_What the task asks_
Repeat exactly, and only, the lines of the entries below from the one with "Mulheres Boêmia Moda" through the one with "14K GOLD FILLED", both ends included.

_Data supplied_
▼

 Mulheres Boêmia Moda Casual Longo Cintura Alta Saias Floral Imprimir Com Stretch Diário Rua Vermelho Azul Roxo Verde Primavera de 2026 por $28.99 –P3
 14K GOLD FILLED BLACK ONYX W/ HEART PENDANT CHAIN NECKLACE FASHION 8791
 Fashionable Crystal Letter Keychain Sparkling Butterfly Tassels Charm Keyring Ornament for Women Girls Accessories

▲
▼

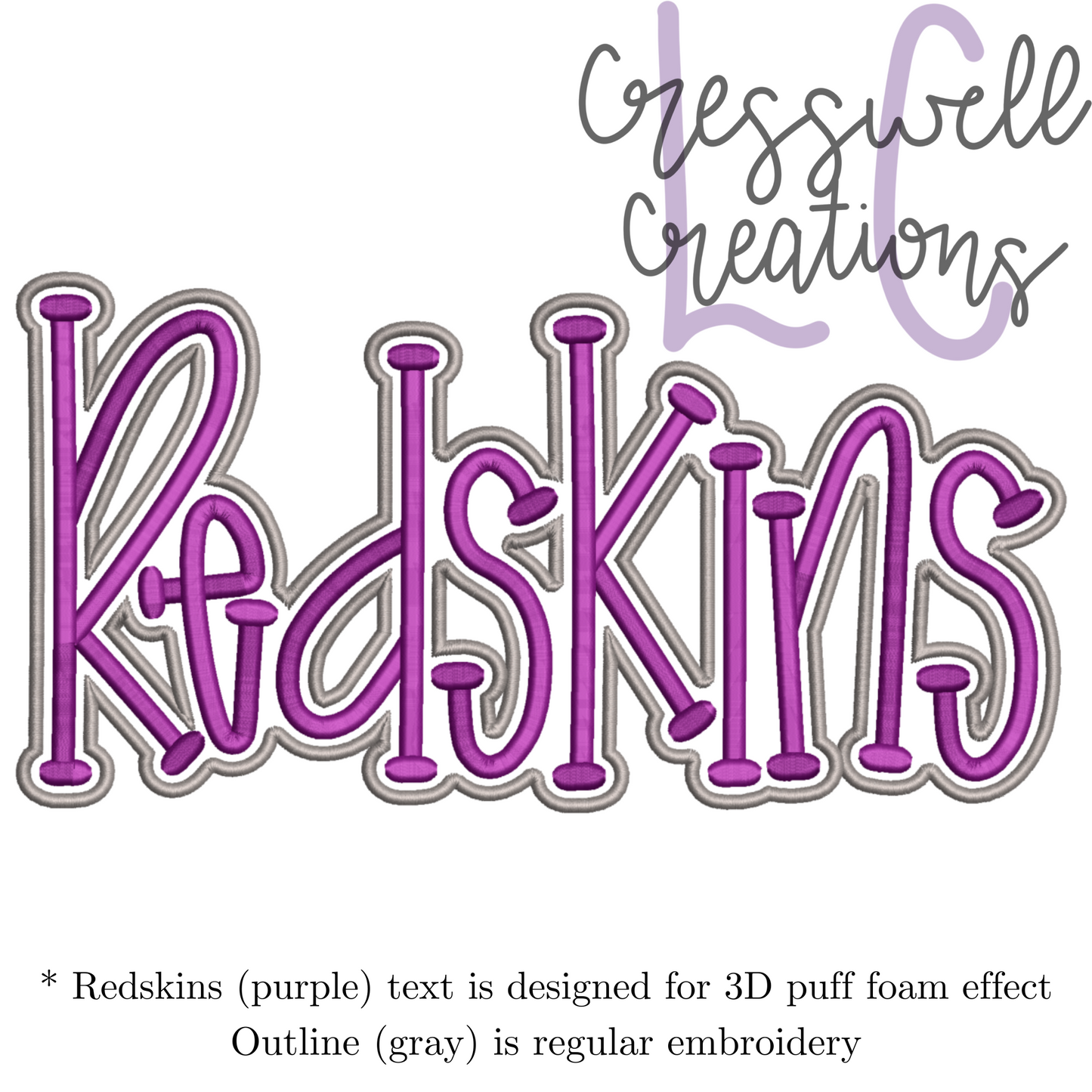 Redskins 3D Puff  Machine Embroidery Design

▲

_Written solution_
 Mulheres Boêmia Moda Casual Longo Cintura Alta Saias Floral Imprimir Com Stretch Diário Rua Vermelho Azul Roxo Verde Primavera de 2026 por $28.99 –P3
 14K GOLD FILLED BLACK ONYX W/ HEART PENDANT CHAIN NECKLACE FASHION 8791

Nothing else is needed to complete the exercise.